True, but the blessings of Mother Nature still abound. Two summers ago, when Eric Williams was delivering a version of “Somewhere Over the Rainbow,” at Antonsen Park, against the background of dark clouds hiding sections of the red rocks, a giant rainbow appeared and the people stopped talking and just gazed in astonishment.
What’s less miraculous is that mothers and daughters can do what mothers and daughters do and have done in this place for decades. A friend of mine dropped her daughter off for her soccer practice and drove around to the children’s playground so that her younger sister and her friend could enjoy the swings and climbing structures while she waited for her.
The afternoon sun was glinting off the prehistoric red rocks; the clean and clear spring air was crisp and still cool to the touch.
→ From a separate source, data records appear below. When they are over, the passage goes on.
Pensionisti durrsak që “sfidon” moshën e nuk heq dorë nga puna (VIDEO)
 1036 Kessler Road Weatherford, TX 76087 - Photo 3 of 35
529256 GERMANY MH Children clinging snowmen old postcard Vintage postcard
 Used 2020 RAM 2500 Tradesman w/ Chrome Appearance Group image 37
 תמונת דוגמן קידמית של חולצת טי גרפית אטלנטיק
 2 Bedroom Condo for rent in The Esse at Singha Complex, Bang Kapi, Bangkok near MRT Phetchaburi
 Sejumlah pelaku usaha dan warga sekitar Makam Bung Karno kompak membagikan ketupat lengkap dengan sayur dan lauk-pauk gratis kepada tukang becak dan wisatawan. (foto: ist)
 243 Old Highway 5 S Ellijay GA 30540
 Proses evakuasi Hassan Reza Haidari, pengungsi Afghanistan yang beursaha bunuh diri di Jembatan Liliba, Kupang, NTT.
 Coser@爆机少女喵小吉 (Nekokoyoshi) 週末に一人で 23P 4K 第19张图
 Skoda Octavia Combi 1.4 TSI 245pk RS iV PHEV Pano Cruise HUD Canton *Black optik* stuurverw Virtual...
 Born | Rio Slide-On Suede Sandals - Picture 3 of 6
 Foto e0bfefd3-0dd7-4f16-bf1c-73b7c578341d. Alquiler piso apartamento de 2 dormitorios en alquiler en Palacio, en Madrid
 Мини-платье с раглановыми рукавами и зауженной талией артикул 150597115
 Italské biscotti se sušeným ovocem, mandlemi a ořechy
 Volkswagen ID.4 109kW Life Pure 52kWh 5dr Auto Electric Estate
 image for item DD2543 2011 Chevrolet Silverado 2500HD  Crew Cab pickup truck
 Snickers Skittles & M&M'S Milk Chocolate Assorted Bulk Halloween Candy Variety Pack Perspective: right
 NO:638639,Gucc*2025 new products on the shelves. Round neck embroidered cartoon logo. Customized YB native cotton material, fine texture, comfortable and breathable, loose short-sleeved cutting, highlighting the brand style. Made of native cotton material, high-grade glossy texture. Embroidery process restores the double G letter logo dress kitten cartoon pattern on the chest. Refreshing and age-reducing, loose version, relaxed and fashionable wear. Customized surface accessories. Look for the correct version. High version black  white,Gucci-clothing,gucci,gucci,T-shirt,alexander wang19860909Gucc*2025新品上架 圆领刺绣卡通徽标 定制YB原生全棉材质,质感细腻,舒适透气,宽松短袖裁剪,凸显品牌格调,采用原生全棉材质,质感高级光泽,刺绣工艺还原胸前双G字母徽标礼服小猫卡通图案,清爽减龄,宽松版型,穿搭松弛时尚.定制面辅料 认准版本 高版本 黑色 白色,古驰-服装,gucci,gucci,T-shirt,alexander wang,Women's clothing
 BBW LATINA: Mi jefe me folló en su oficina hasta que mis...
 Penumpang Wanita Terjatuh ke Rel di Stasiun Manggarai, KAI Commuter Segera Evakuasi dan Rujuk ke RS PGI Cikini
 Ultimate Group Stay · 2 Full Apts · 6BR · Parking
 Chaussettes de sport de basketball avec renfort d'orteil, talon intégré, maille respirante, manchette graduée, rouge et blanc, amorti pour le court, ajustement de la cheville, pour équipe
Said she later, “I felt blessed to be in this community and wise to have chosen Sedona to bring my children up in. You see our family had moved here just a year ago. We were welcomed and folded into the community with ease.”
Just then, an attractive, older woman sat down next to her, evidently taking a similar break from the younger generation.
As she sat down, my friend welcomed her, “What a good day for the playground. Isn’t it terrific how the city has provided such a wonderful park for the community?”
“Oh yes,” she said. “It is a wonderful park. You know the park was developed by the citizens of Sedona long before the city was incorporated. And the city, and many volunteers, are continuing to improve it. You see the past, the present and the future blows in the wind up here.”